Y por eso, LOS VERDADEROS CRISTIANOS estamos en contra del uso de la violencia, y de su lenguaje, de sus estrategias y de sus formas de manipular la información. ¡Ah!, y también de los estados que promueven la guerra, porque, si estuviéramos de su lado, estaríamos cometiendo un acto de infidelidad, de idolatría. Tenemos un Señor que es al mismo tiempo autor y consumador de la Paz en la historia, así como el sentido de la misma.
¡Bienaventurados si procuramos la paz! Si somos pacificadores, es decir, si andamos, como decía mi papá, en donde nadie nos llama haciendo la paz, aunque nos toquen las pedradas. Porque en el fondo, todos sabemos que una consecuencia del amor de Cristo, universal —y esto incluye a los enemigos—, es como decía nuestro hermano Menno: “Nosotros no podemos matar a aquellos por quienes Cristo ya murió”.

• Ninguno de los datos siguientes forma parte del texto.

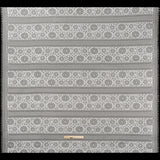 Corded Lace with Eyelash Fringe Edges - Ivory Floral and Geometric Stripes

Ningún acto de violencia es justificable, a menos que tengamos una moral situacional, atascada en lo propio, en el yo, en la totalidad. Hacer violencia para contrarrestar la violencia, nos inclina a una dialéctica insuperable, que poco a poco se encamina a lo banal, al mal. Por eso es que todos los actos violentos son explicables en la historia, pero no universalmente justificables. Y aún si la moral los justifica, “por un bien mayor” (digamos, un bien mayor geopolíticamente delimitado), debe haber una ética que supera, atraviesa, e incluso cancela el aparato de la moral-violenta. Esa ética, sí universal, está en el que clama por justicia, porque ahí se esconde un principio inalienable: la Vida.
Por lo tanto, clamamos junto con la iglesia fiel, con los que se resisten a la violencia, con aquellos de causas perdidas, con los desplazados y pobres de la tierra, los que amamos la vida que Dios nos dio para cuidarla y procurarla, con los que procuran la paz y la siembran con justicia: “Maranatha, ¡ya ven Señor Jesús!”.
[1] Esto es, la pax romana, explicada de forma coloquial: imponer la paz a base de catorrazos, palazos, balazos, etc.
[2] Byler, D. Genocidios en la Biblia.